As things in my life are being dismantled, the destructive things, the things that I no longer find beneficial, I often put those things down and leave them alone. For a long time, maybe a year or so, I had a terrible habit that I truly hated. I would deliberately not purchase this habit, or engage in it. Many times over though, I would give in to the desires and fall off of the wagon. Again, and again and again. Finally, after I had went for a period of time without the habit, I was able to walk away from it. Within this period of kicking the habit, I would replace the time that I had taken to engage, and replace it with something else. A positive. Many different things were now taking over the space I had once filled with the habit. The further and further I had moved away from this habit; the patterns, the mindset and actions involved in it, the more distant it became. Out of sight. Out of mind.
Just like a trip in the past to the mountains, there are many memories that I have of the beautiful scenery. Many good memories are scattered within my recollections of the area.
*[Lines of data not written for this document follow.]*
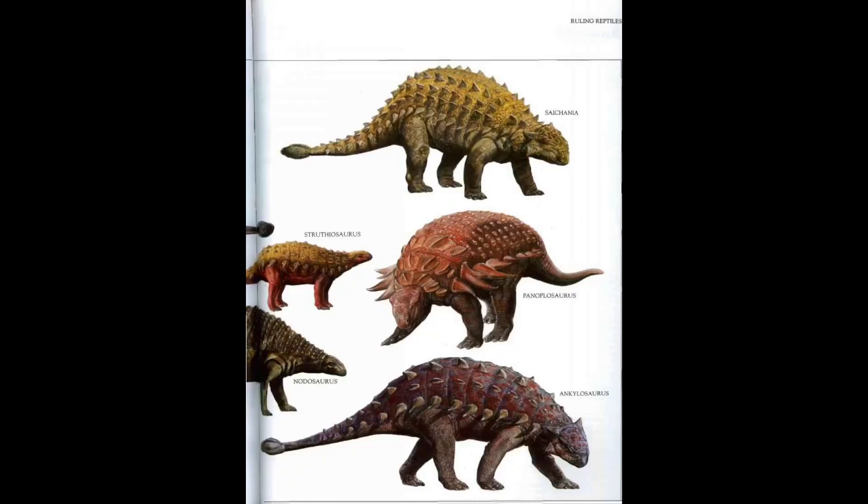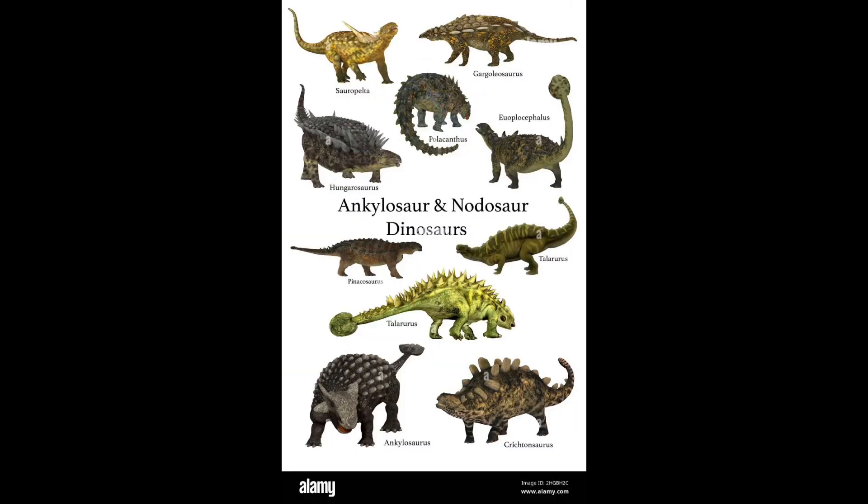Some of the Ankylosaurs even had their plates on their tails and it made them look like clubs. Now, they have a sister family known as Nodosaurs, which look exactly identical to Ankylosaurs. But Nodosaurs are a little smaller, and most of them also have spines as well as their plates — so there's that little difference as well.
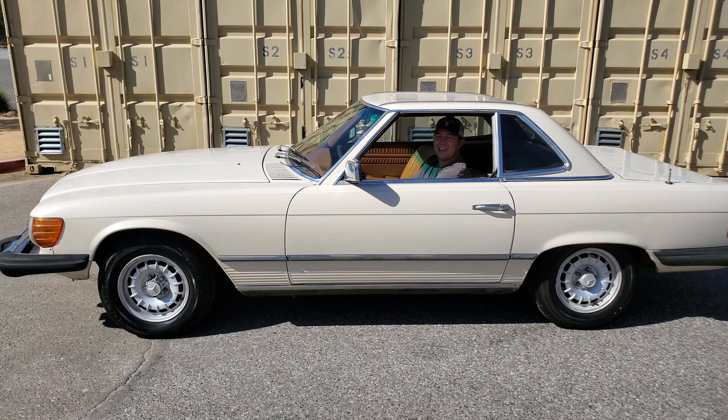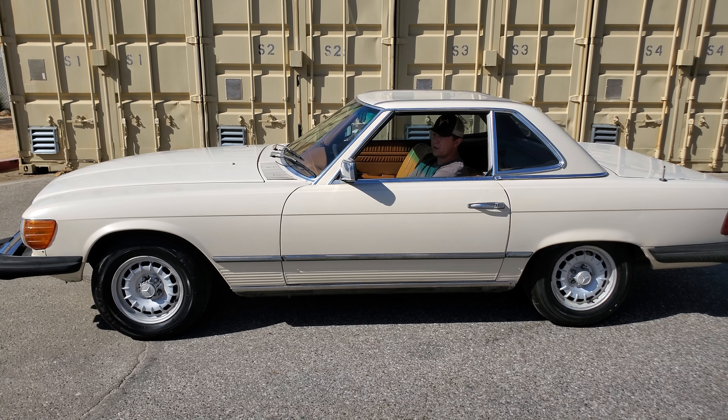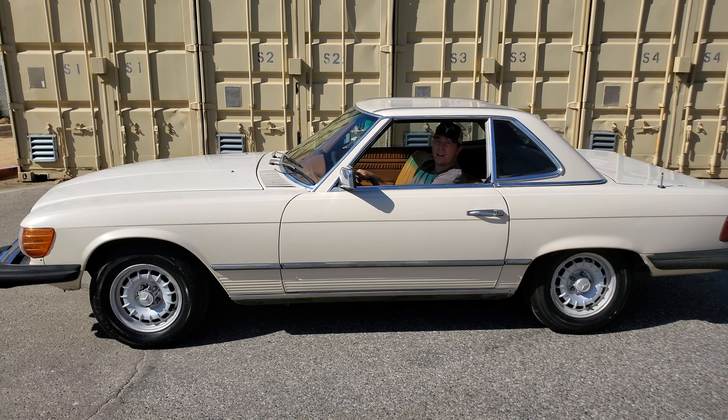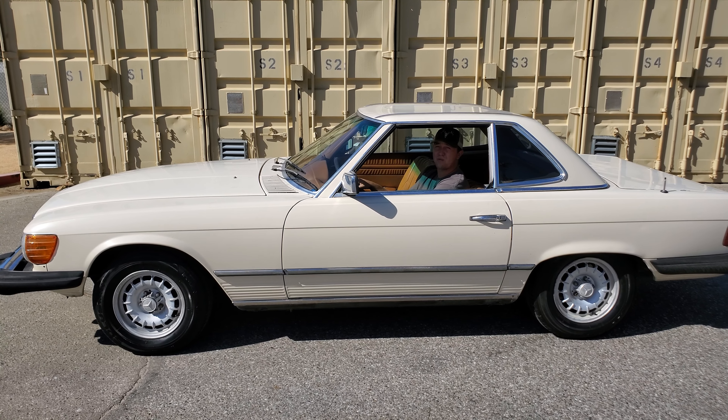We have this 1978 Mercedes 450 SL. This is a pretty cool looking car inside and out, but unfortunately it is a dealer out-of-state only vehicle. We were not able to get this one to pass smog, but it does run and ride.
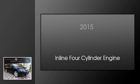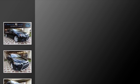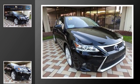This is a 2015 Lexus CT200H. This hatchback has a continuously variable transmission and an inline 4-cylinder engine.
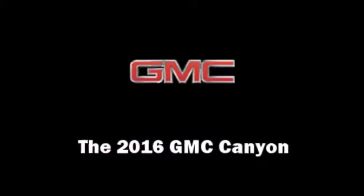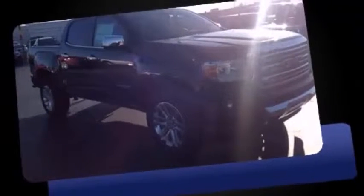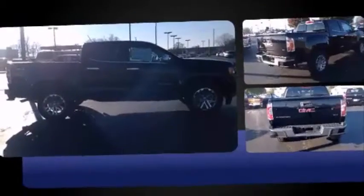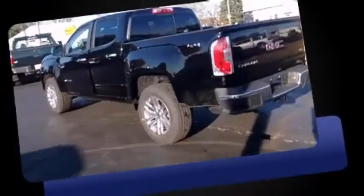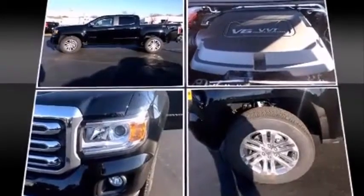The 2016 GMC Canyon. This four-door, five-passenger truck stands out among competitors in its class. A 3.6-liter V6 engine pairs with a sophisticated six-speed automatic transmission and, for added security, dynamic stability control supplements the drivetrain. Four-wheel drive allows you to go places you've only imagined.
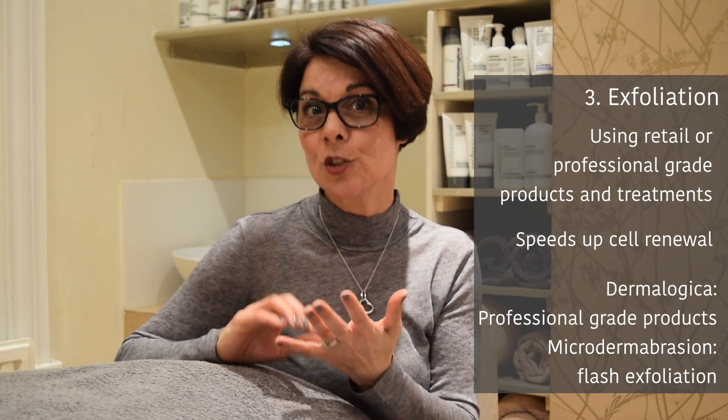Exfoliation can be done with products — we use Dermalogica skincare in our clinic. We have specific professional-grade exfoliation products that would be ideal, or alternatively mechanically, for example microdermabrasion.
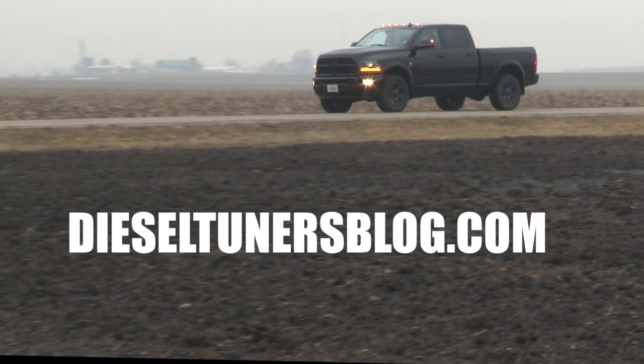Be sure to share, like, and comment. And for more information, check out thedieseltunersblog.com.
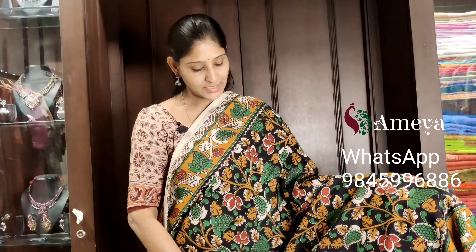Namaste, welcome to Ameya Online. In this video we will be seeing beautiful kalamkari silk cotton sarees, all in the price range of 15.99. People who would like to book any of the sarees, please take a screenshot and send it to the above number. We deliver the sarees through India Post. All the prices are inclusive of shipping. People who stay in Hyderabad, we have a store in Sarah City Capital Mall, Ameya on the third floor. Please do visit our store. Let's quickly get to see the sarees.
The trees, high peaks and low valleys, and the waterfalls. I haven’t visited the places in a while, so the sights aren’t fresh in my mind. Just like the habit. I do not put it within sight, so it tends to stay out of my mind.
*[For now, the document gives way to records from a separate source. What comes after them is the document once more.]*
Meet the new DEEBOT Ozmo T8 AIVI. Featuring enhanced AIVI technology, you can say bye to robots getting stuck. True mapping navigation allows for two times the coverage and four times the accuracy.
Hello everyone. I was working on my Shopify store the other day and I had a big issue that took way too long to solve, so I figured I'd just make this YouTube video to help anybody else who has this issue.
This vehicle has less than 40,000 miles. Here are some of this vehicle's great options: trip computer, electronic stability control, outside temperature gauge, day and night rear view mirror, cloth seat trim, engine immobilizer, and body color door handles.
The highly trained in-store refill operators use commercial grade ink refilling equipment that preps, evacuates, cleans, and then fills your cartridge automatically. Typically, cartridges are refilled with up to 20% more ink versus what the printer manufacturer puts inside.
I’ve battled depression and anxiety for decades. There are, and have been a number of triggers that have caused and cause both to surface. Trust that I have worked diligently to get a grip on this debilitating condition. These “triggers”, or things that start the many facets of anxiety and depression; the overwhelming feelings of sadness, nervousness and panic, come and go. The key is to recognize these triggers when they come, and to quickly move away from them. There are methods that I have learned, to take control. Within these methods, in some cases, is the necessity to move away from the places and people that have caused the triggers.
I used to have a drinking problem. It took walking away from the people who chose to keep engaging in drinking heavily. It took dumping the alcohol down the drain, and not buying more. It took keeping the alcohol menus at restaurants behind something on the table. When those triggers were out of sight; the partying until morning, the many drinks, the lack of self-control, they were out of mind.
I spend a lot of time with things that bring me peace and joy. I keep them in sight and in mind. I read helpful information, I read His Word, and I meditate on the many great things that these things bring. I keep my family in sight. I keep my hobbies in sight. I keep the bad habits way off in the distance, as well as the triggers. I keep people who are good to be around. The sights in which I now choose, keep my mind at ease.